The GNU project, owned by the Free Software Foundation gives us a lot of stuff:
- The GNU operating system (shell, core utilities, desktop / window manager, basic productivity tools, etc)
- The GNU General public license, The Lesser GPL and the Affero GPL.
GNU has a very high set of coding standards (some say these standards are too complex), however GNU software is notorious for building and running on a variety of systems and architectures. To get a feel for how they do things, have a look at the GNU Hello, World! program. The fact that a "Hello, World!" implementation is actively maintained should tell you something.
The FSF doesn't just handle the needs of the GNU project, they are also advocates for what they feel are essential freedoms that every computer user should have. They are in the trenches of the patent wars, closely involved with the EFF and SFLC and frequently organize campaigns against technology products that they feel take essential freedoms away from computer users.

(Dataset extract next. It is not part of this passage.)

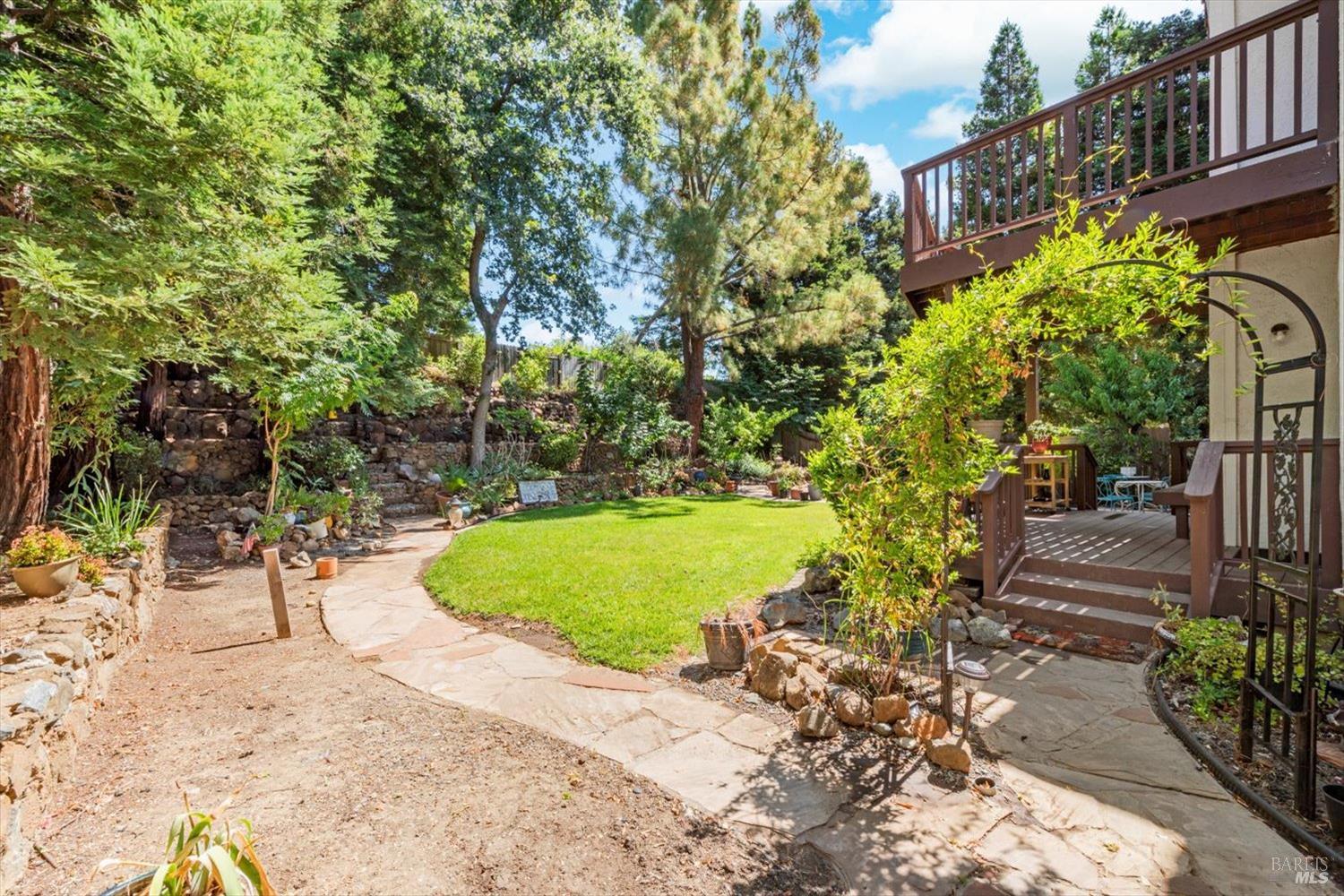 Detail Gallery Image 53 of 82 For 2136 Lakewood Dr, Fairfield,  CA 94534 - 4 Beds | 2/1 Baths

If you want to work on a GNU project, a great way to start is to go to their front page and look for some projects that need a new maintainer. Or, you could start off by fixing bugs and sending patches. Just realize that they are a very idealogical community, so take care to read about the things that they are passionate about. For instance, it is unwise to call a GNU program "Open Source" on a GNU mailing list, they much prefer the term "Free Software".

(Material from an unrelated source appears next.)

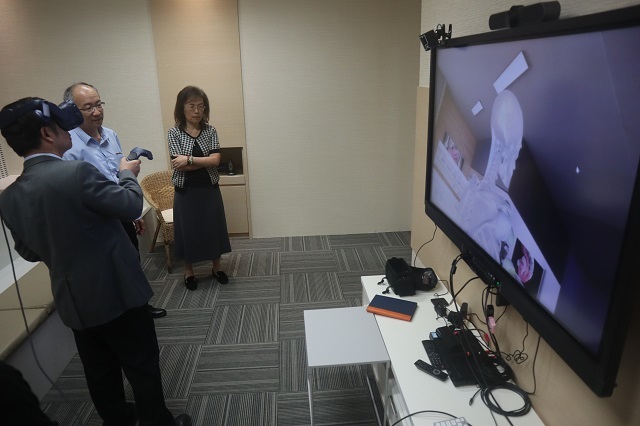 108-10-30 解剖資料庫VR_李居仁校長體驗 12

Linux is developed under the umbrella of the Linux Foundation. They give us:
- A shiny new kernel every few months
- Standards to help tie together all of the various operating systems that use the Kernel (such as the LSB)

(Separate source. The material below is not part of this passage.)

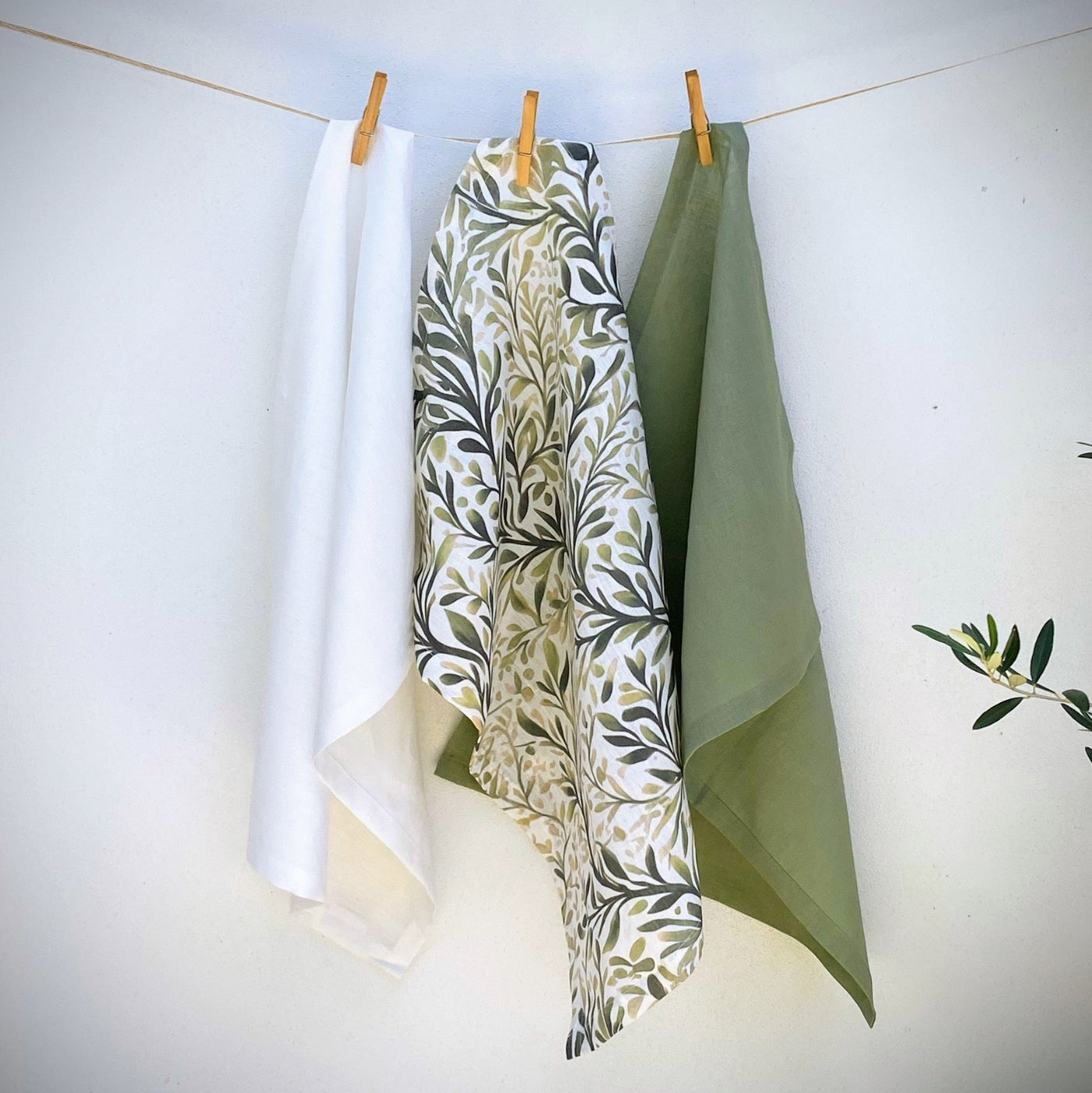 Elegant Kitchen Towel Set for Home Decor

- Outreach programs to help get Linux developers behind the proprietary iron curtain for better hardware support in the kernel
- Advocacy of open source and open standards
Unlike the FSF, The Linux Foundation is not quite what many would consider political. Yes, they are vocal regarding technical issues that face programmers these days (such as patents), but they are seldom if ever antagonistic.
Kernel development is described by kernel developers as a meritocracy. While some doubt that such a system could be real, one does need to thoroughly vet the technical decisions that they introduce in any patch. If you send in great code that follows their guidelines, your patch (or perhaps a revised version of it) will probably be accepted if it solves a real problem. A great place to start is kernel newbies. Pick up some janitorial work in whatever sub system interests you and develop a good relationship with its maintainer - then set your eyes on bigger fish if you want.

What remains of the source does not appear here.